By Dustin Albino

Carl Long entered this year’s Speedweeks feeling hopeful. Just last week, the team announced it signed HEX.com to field JJ Yeley’s No. 55 Ford, with Bumper.com sponsoring Timmy Hill. 

But boy, the stress a pair of 150-mile qualifying races can have on a team owner that doesn’t have a car guaranteed into the Daytona 500 is unfathomable. 

After having the two slowest qualifying laps on Wednesday evening — Yeley was 41st, eight-tenths of a second behind 40th and Hill last, more than one-second off the pace — there was one MBM Motorsports entry in each of the two Bluegreen Vacations Duel races. And though the cars had a speed discrepancy, Yeley was sitting pretty in the first Duel. 

Early in the opening Duel, Yeley lost the lead draft, though hung onto the rear of BJ McLeod’s No. 78 car. The two Ford entries worked together, while The Money Racing‘s Kaz Grala, the other non-chartered car that the No. 55 car was racing, lost the draft. During Grala‘s green flag pit stop, he made a mistake by speeding on pit road.

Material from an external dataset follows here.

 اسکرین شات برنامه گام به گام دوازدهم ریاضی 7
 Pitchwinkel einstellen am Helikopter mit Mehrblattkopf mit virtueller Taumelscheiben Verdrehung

He ended up losing the draft, going two laps down. 

Meanwhile, The Money Team Racing Chevrolet hung onto the lead pack after it went a second lap down, and the No. 50 car began catching Yeley rapidly. It came down to the final set of corners on the last lap, but the No. 50 car shot by the No. 55 Ford, eliminating Yeley from Daytona 500 contention. 

A frustrated Yeley, who was drafting with Daniel Hemric, was frustrated because the No. 16 Chevrolet pulled over with a couple laps remaining. He believes it was a Chevrolet team helping another Chevrolet team, in Grala. 

“We went to the top and let the first pack go by and all of a sudden we lost almost a second,” Yeley said after the Duel. “I knew Hemric had his hand out the window, looked like he might have been hot, that‘s all I was taking it for.

“The spotter said the [No.] 50 was coming in the next pack and it took me a second to realize, Team Chevy guy, [Hemric] basically slowed us down and did what he needed to do for the manufacturer, but it cost us a position in the Daytona 500.”

Yeley thought he was sitting pretty, believing the No. 55 car was going to make the race. The only thing he believes he could have done differently was block the pack Grala was in, bunching up the running order. But as he noted, blocking from top to bottom is a challenge when there is a group of cars drafting together, catching him quickly. 

“They were going so much faster, it would have been difficult to go down in front of them and force them to do something stupid,” Yeley added. “Huge, heartbreaking disappointment, knowing it looks like you‘re in good shape and have the rope pulled out from under you.”

The team owner, Long, added the No. 55 team was working with a new spotter this season. In the past, he believes his previous spotter, who now spots for NY Racing, would have been more aggressive and possibly called Yeley down to block the bottom. 

In the second qualifying race, Hill finished in 20th, four laps off the pace. Going into the race, Long knew it would be a longshot for the No. 66 Ford to make the field based on its lack of speed. 

And for the second straight season, MBM Motorsports failed to get either of its cars into the Great American Race. With the chunk of change that’s handed out for just making the event, it’s hard to make that up during the course of the season. 

“Tougher than anything you can imagine,” Long said of missing the field. “You have sponsorships and you have stuff you put together to come out here for it.”

With the expense to start up the Next Gen car, this puts MBM in even more of a predicament. 

“About triple that at least,” Long stated in how it hurts the team financially compared to missing the race in 2021 with both cars. “The deals that I‘ve made with my sponsors, if they come on board and we miss the race, I would run them somewhere else. I have no choice but to run again.” 

For the rest of the weekend, Yeley will look to qualify the No. 66 Xfinity Series car into the field on Saturday, while Hill looks to lock his family-run No. 56 truck into the Truck Series race on Friday.